A couple of fine releases from 2008 might have eased concerns over the immediate fate of Lindemans Coonawarra, but what about little old Padthaway? Although the region has yet to scale the heights once hoped for by some of the larger companies, I've always found pleasure in Padthaway's pungent chardonnays and minty reds. Still, it interested me to see Lindemans' 2005 Reserve Padthaway Shiraz won 'Top Gold' at the '07 National Wine Show.

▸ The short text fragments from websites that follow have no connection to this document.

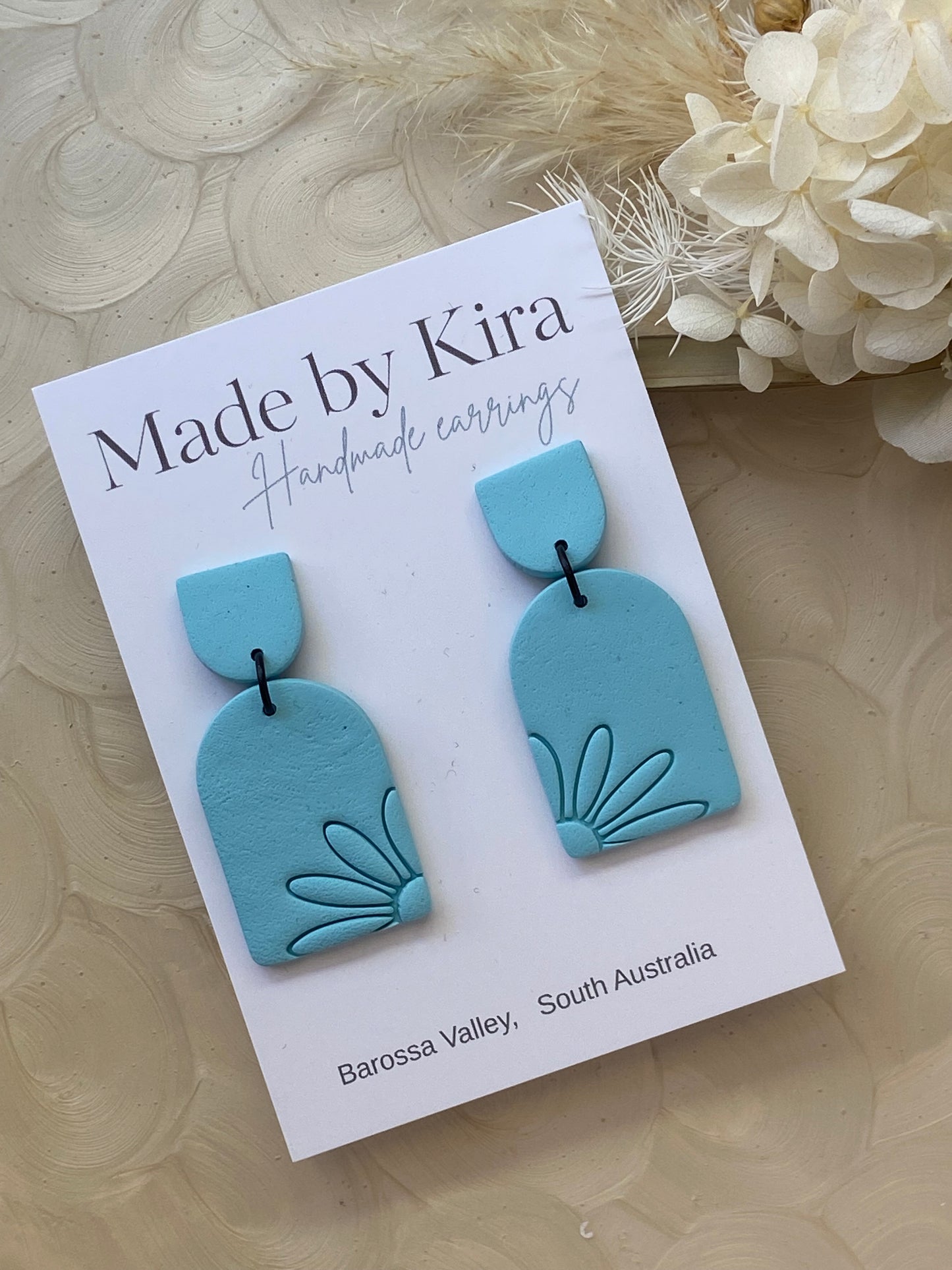 Flower print dangles- light blue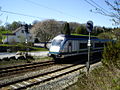 A local train arrives at the station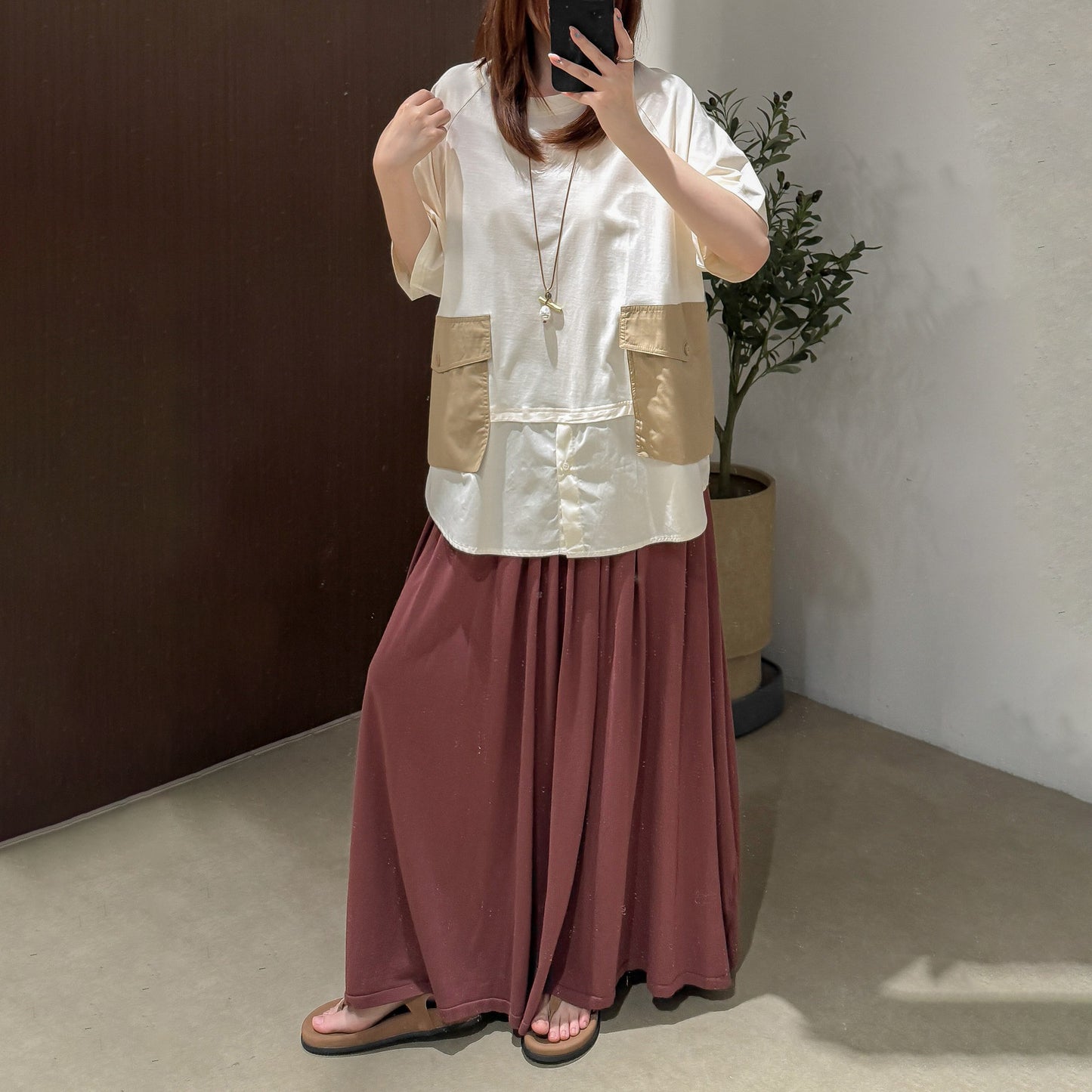 【トップス】立体ビッグポケット フェイクレイヤード 切替 半袖Tシャツ ゆったり オーバーサイズ【JZシリーズ】
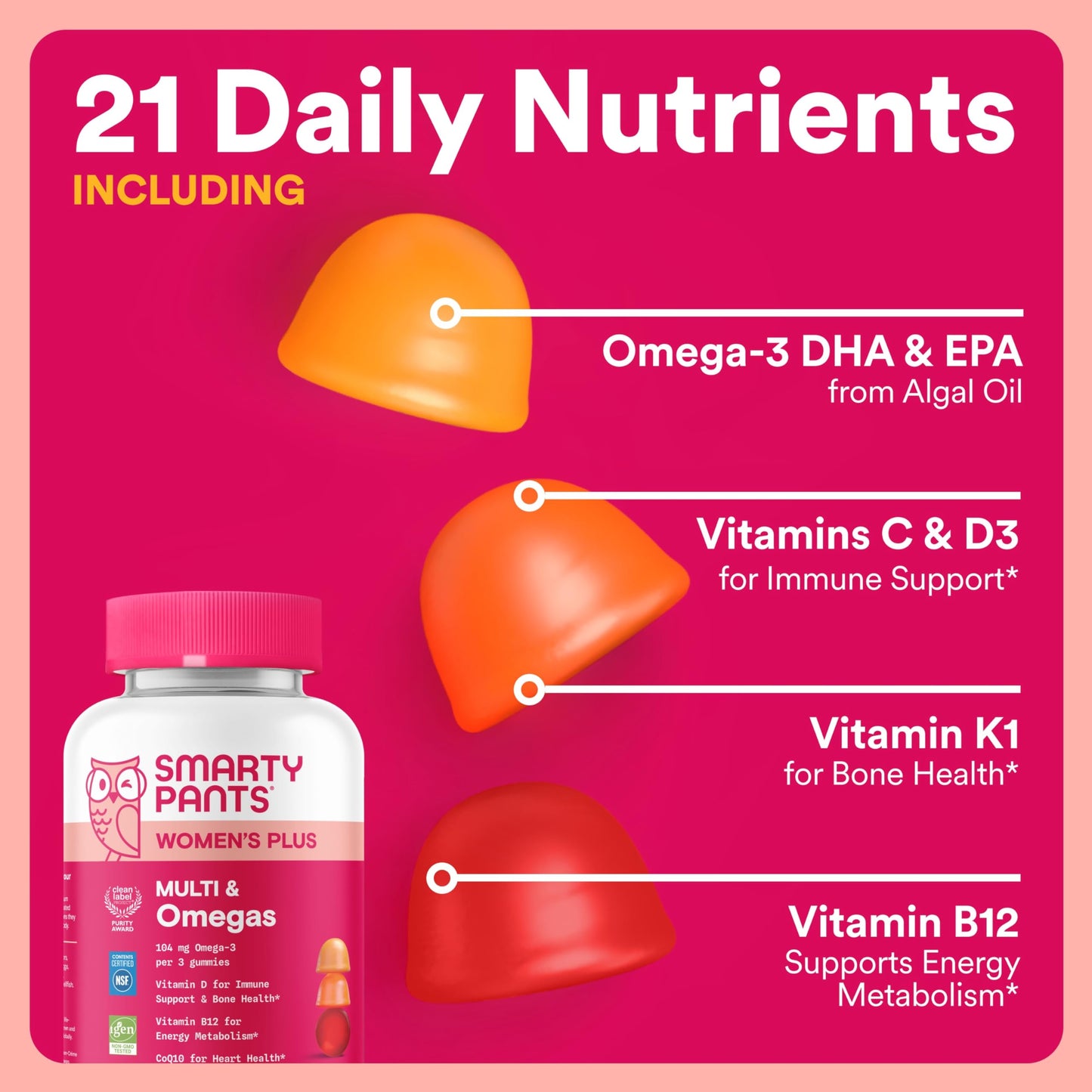SmartyPants Mother & Son Daily Nutrition Bundle: Women’s + Teen Guy Multivitamin Gummies, 150 Gummies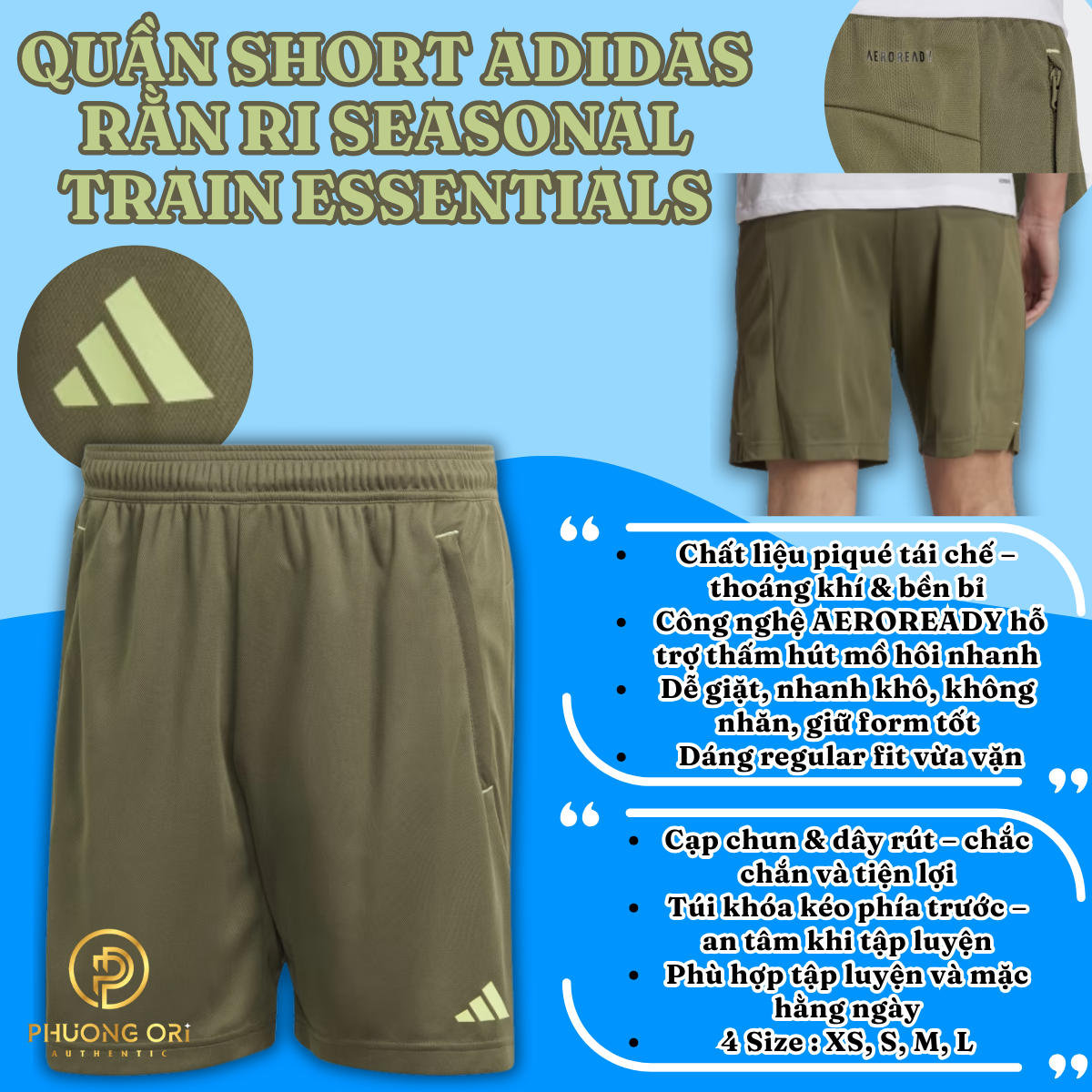 🩳 Quần Short Adidas Rằn Ri Seasonal Train Essentials – Olive Strata / Pulse Lime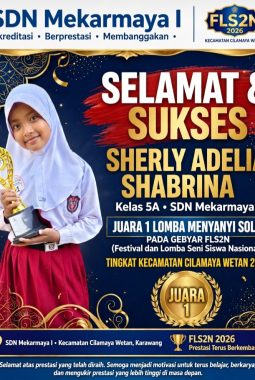 Harumkan Nama Sekolah, Sherly Adelia Shabrina Raih Juara 1 Menyanyi Solo FLS2N Cilamaya Wetan 2026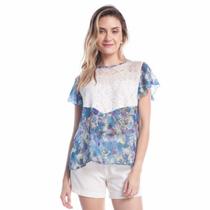 Blusa Feminina Estampada com Renda Estilo Bata Tecido Leve Floral Babados Manga Verão VL0486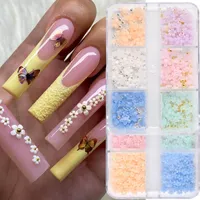 Nail Art Decorations 3D Colorful Acrylic Flower Decoration Mixed Size Flowers Nails Rhinestone Gem Manicure Tool Accessories DIY Design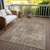8' X 10' Beige And Taupe Abstract Washable Indoor Outdoor Area Rug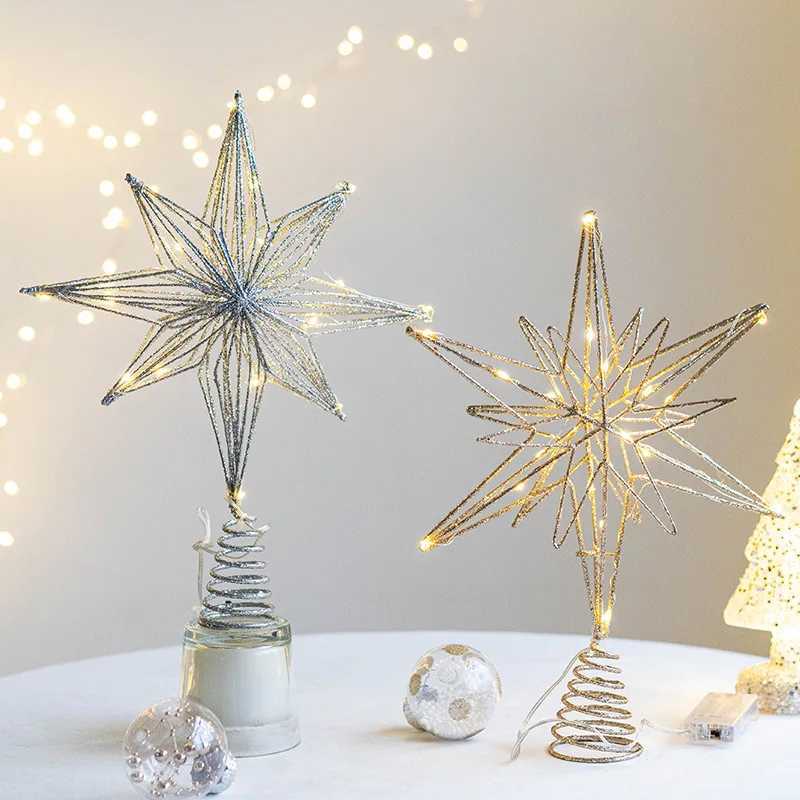 Christmas Tree Toppers Star With LED String Lights Ornaments For Christmas Home Party Decoration Festival Party New Year C251024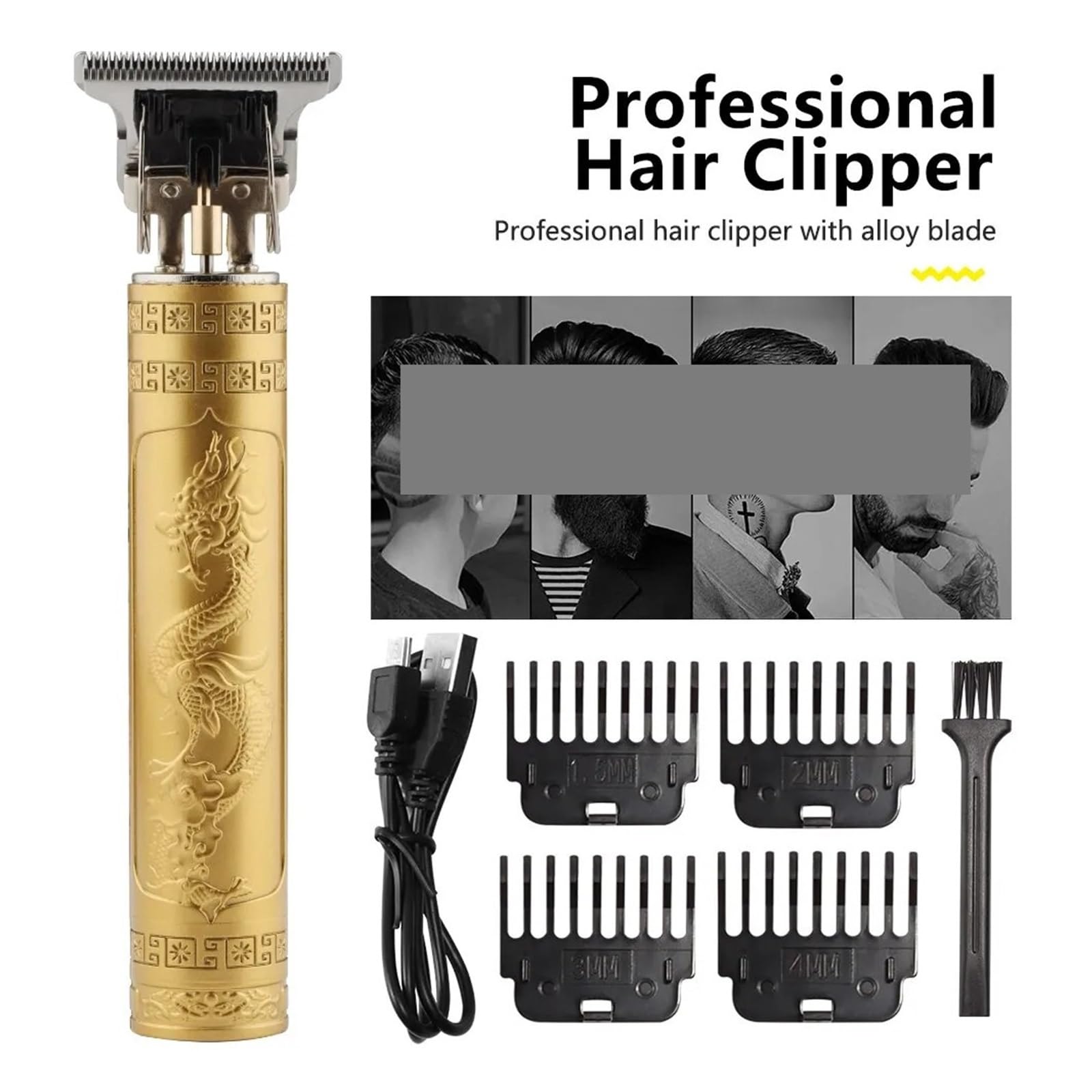 Professional T9 Style Electric Razor & Hair Clipper for Men - Retro Buddha Head Carving & Oil Head Trimmer with ABS Handle | Perfect for Home Grooming, Barber Shops & Beard Styling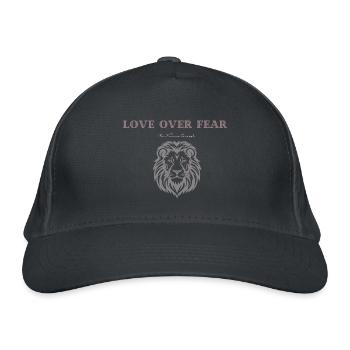 LOVE over FEAR Range - Organic Baseball Cap - graphite grey - Front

For a relatively affordable 'Reserve Shiraz', Lindemans' 2006 smells raw, oaky, under-fruited and to put it bluntly; unpolished and jagged. It's been a while since I sat down with a wine like this. Its fruit seems diminished; barren if you will, with fledgling aromas of prunes and varnish showing no signs of the choc-mint/menthol characters I find appealing in Padthaway reds. The palate follows suit with a hard blockiness that envelops its docile, thin, dead fruit character, but rather more surprising is the emanating presence of alcohol given its stated 13.5%, in what is a very thin, altogether vacant conclusion. The words 'vibrancy', 'life' and 'character' are about as relevant here as the word 'under-exposed' is to an Oprah tour of Australia.
X The 2008 of this is already out and given the high praise afforded to Lindemans' 2008 Coonawarra releases, I'd hedge my bets on that instead. That is of course, if this is your kind of thing. 'Yuck', she said. Drink now.